Behavioural finance - touchy feely psycho-babble or financial planning essential? Laura Miller looks at the birth and evolution of a phenomenon.
If you asked someone, "do you want to lose money", the answer is undoubtedly going to be "no".
So everyone acts in their own best financial interest, right? Not according to the fathers of behavioural finance, Amos Tversky and Daniel Kahneman.
Never heard of them? Well you should have. Kahneman was awarded the Nobel Memorial Prize in Economic Sciences in 2002, and in both 2011 and 2012 he made the Bloomberg 50 most influential people in global finance list – despite being a psychologist.
Is behavioural finance worth advisers’ attention?
Why all the accolades? Well, during their research Tversky and Kahneman hit upon a series of behavioural biases, ways in which humans act contrary to their own interests.
They outlined several of these behaviours in their paper, Judgement Under Uncertainty (1973).
The paper is pretty dense but essentially what they found was that people do not act in the way you think they would, i.e. taking in all the relevant information and working out the likelihood of things happening.
Instead, Kahnemann and Tversky showed that there are regular patterns of irrationality lying behind people's behaviour that work to disrupt their attempts to be rational, including about investments.
These are: that we judge people based on stereotypes; we assess the likelihood of events happening based on our ability to retrieve from memory similar events; and that we tend to make decisions based on some arbitrary starting point.
Their findings were in direct opposition to what is known as "conventional" or "modern" finance, the type of finance that is based on rational and logical theories, such as the capital asset pricing model (CAPM) and the efficient market hypothesis (EMH). These theories assume that people, for the most part, behave rationally and predictably.
One of the most basic assumptions that conventional economics and finance makes is that people are rational "wealth maximisers" who seek to increase their own wellbeing. According to conventional economics, emotions do not influence people when it comes to making economic choices.
Kahneman and Tversky revealed that this assumption does not reflect how people in the real world operate.
So, how can behavioural finance compliment the financial planning process?
The US-based National Association of Active Investment Managers (NAAIM) released an interesting report in April looking at this very question.

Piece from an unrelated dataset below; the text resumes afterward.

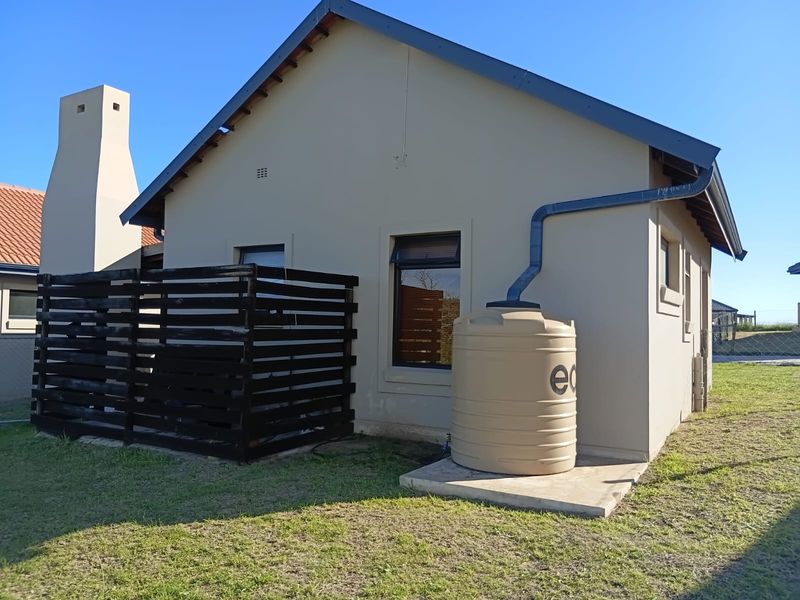 Modern 2 Bedroom House For Sale In Kidds Beach - Photo 3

The report, Three fundamentals, using active management, behavioural finance and planning to reach client objectives, states the fundamental reason for portfolio management is to meet clients' objectives rather than to beat the market.
It highlights the need to use behavioural finance to keep clients' emotions in check and help them avoid making decisions that will inevitably limit their ability to meet those objectives, thereby allowing them to stay comfortably invested in all market environments.

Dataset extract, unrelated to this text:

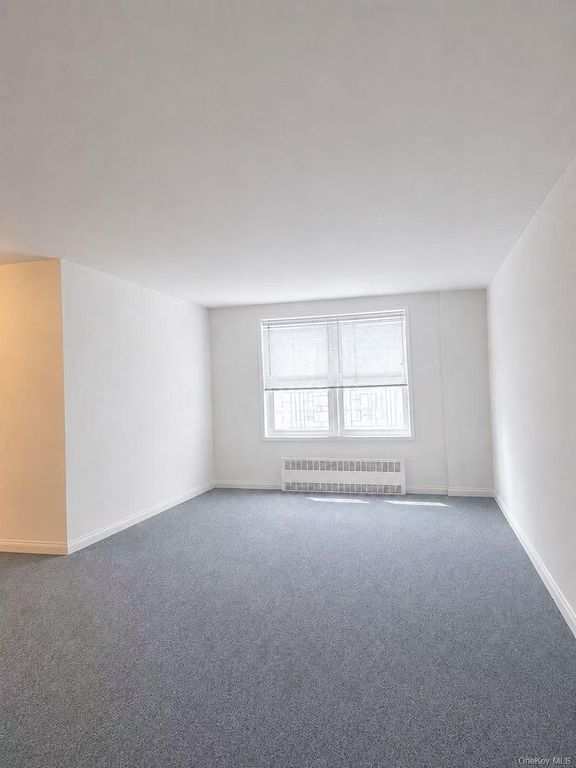 14430 Sanford Avenue 5B, Flushing, NY 11355 — photo 2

To achieve this, NAAIM recommends using a combination of active and passive investing to provide added diversification and help manage client emotions during volatile markets.
Another way an adviser can help a client make future pleasures, such as wealth, less remote is by devoting time to discussing it, helping the client to imagine their future happiness.
Clients sometimes fear they are missing out on the next big thing, or get spooked by a dip in markets. But by using behavioural finance, financial advisers can help them develop patience, become more future focused and better appreciate future gains.
Behavioural finance: Adviser head to head
FOR: Yellowtail Financial Planning managing director Dennis Hall
"I've long been intrigued by the behaviour of clients, like why would they do anything other than what I've suggested?! If I've understood the problem and presented the solution logically, what other forces are in play to cause them to do something else? The answer, it seems, lies in the emotions and biases that mess with our minds, and this is a fascinating topic.
"Gaining a greater understanding of how our behaviour sometimes doesn't work in our own best interests helps me understand my own irrational behaviour, and in turn helps me deal with my client's irrational behaviours.
"You can forget the passive versus active argument; behavioural finance is the real game-changer. If we can show our clients the behaviours that work against them, we stand a better chance of helping them achieve their goals, and put an end to the investment cycle of buying at the top and selling at the bottom."
AGAINST: Altior Vita financial planner James Brooke
"I don't think that behavioural finance can give you an edge on the market. It doesn't help us make a greater profit out of a market.
"Behavioural finance confirms rather than denies that markets are efficient. Just because an investor makes a bad decision doesn't mean the price of a stock is wrong – the market prices in herd mentality investing.
"The best way to capture returns is to invest in the market as a whole. Investing in asset classes is still the best thing to do even though people don't act rationally."